As Ambassador Power praises ADL, Abe Foxman savages John Kerry | The Electronic Intifada - 0 views

  • Abraham Foxman, national director of the Anti-Defamation League (ADL), has launched a stinging attack on US Secretary of State John Kerry. Foxman’s open attack on a US secretary of state, especially one who has been so friendly to Israel, is unusual. What makes it more extraordinary is that it comes after another Obama administration official has heaped lavish praise on Foxman and the ADL. “I think Kerry’s outrageous behavior will unite the American Jewish community,” Foxman told Israeli army radio, Haaretz reports.

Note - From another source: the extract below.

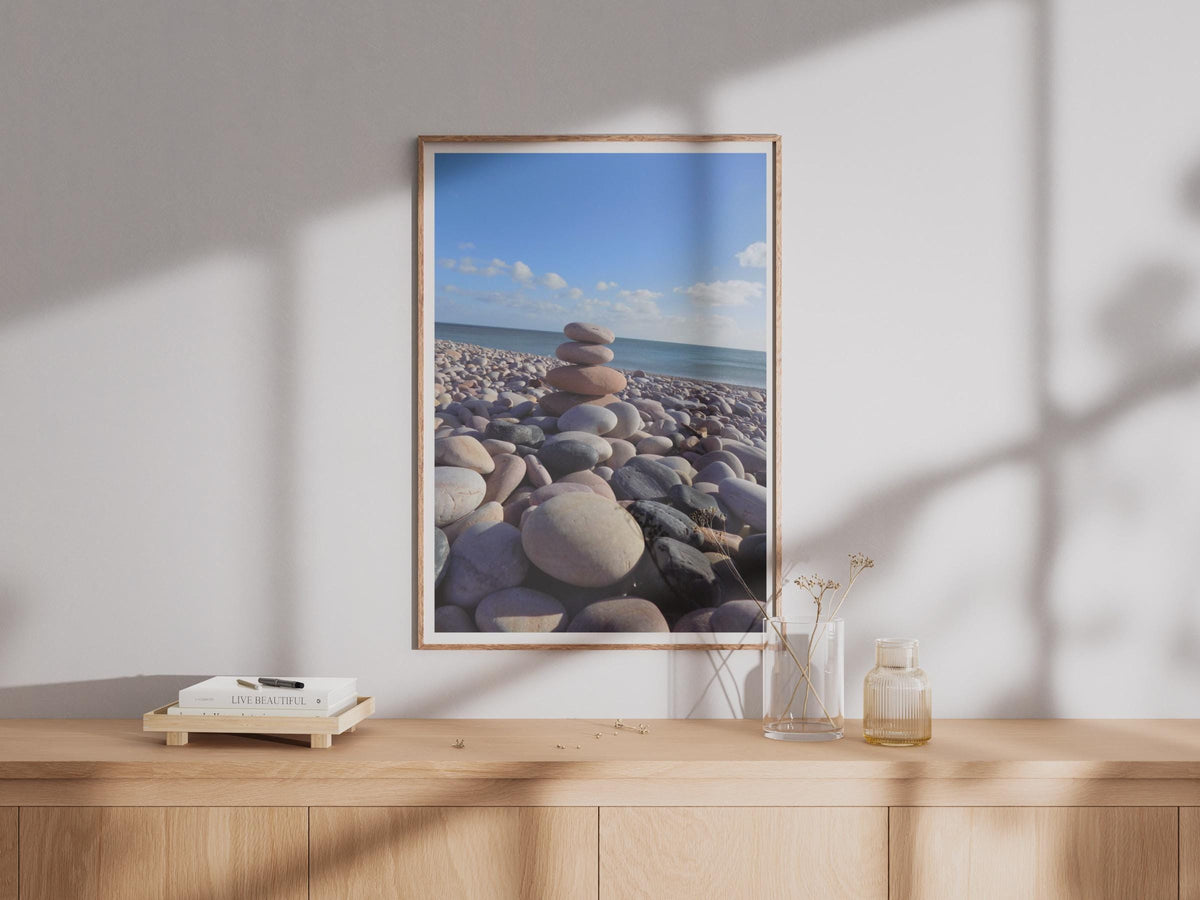 Stacked Pebbles Beach Poster, Zen Stone Cairn Wall Art, Coastal Photography Print, Mindful Ocean Decor, Pebble Shore Seaside Art Print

  • “It is chutzpah to lecture Israel about the risks of peace and war,” Foxman added from Jerusalem, where he is currently visiting. The ADL is one of the most prominent pro-Israel, anti-Palestinian organizations in the United States. It recently published a McCarthyite list of the “Top 10 anti-Israel organizations” which included a number of peace and justice groups. The sources of Foxman’s rage include US diplomacy with Iran, which Kerry has championed, and Kerry’s recent criticism of (though total inaction on) Israel’s ongoing colonization of Palestinian land. Foxman claimed there was a “crisis of trust” between the US and Israel because Kerry had not kept Israel sufficiently informed of the Geneva talks over Iran’s nuclear energy program. Those talks ended last night without a much-anticipated breakthrough, after a last minute French intervention scuppered a deal.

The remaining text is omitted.